* Data provided *
____________

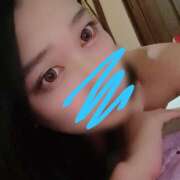 ヒメ日記 2025/10/06 17:47 投稿 ゆあ ニューハーフヘルスxoxokiss キスキスキス西船橋・千葉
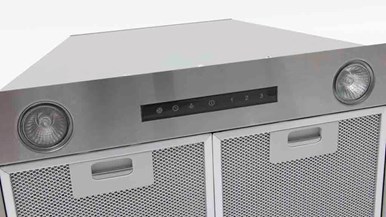 DeLonghi DE60UM Recirculating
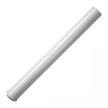 Troço reto 500 mm 60/100 para exaustão de aparelhos de condensação, FIG 610-500MHP15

____________

* Exercise requirements *
All of the material above needs to be restated exactly, with no pictures.

* Exercise output *
 ヒメ日記 2025/10/06 17:47 投稿 ゆあ ニューハーフヘルスxoxokiss キスキスキス西船橋・千葉
 DeLonghi DE60UM Recirculating
 Troço reto 500 mm 60/100 para exaustão de aparelhos de condensação, FIG 610-500MHP15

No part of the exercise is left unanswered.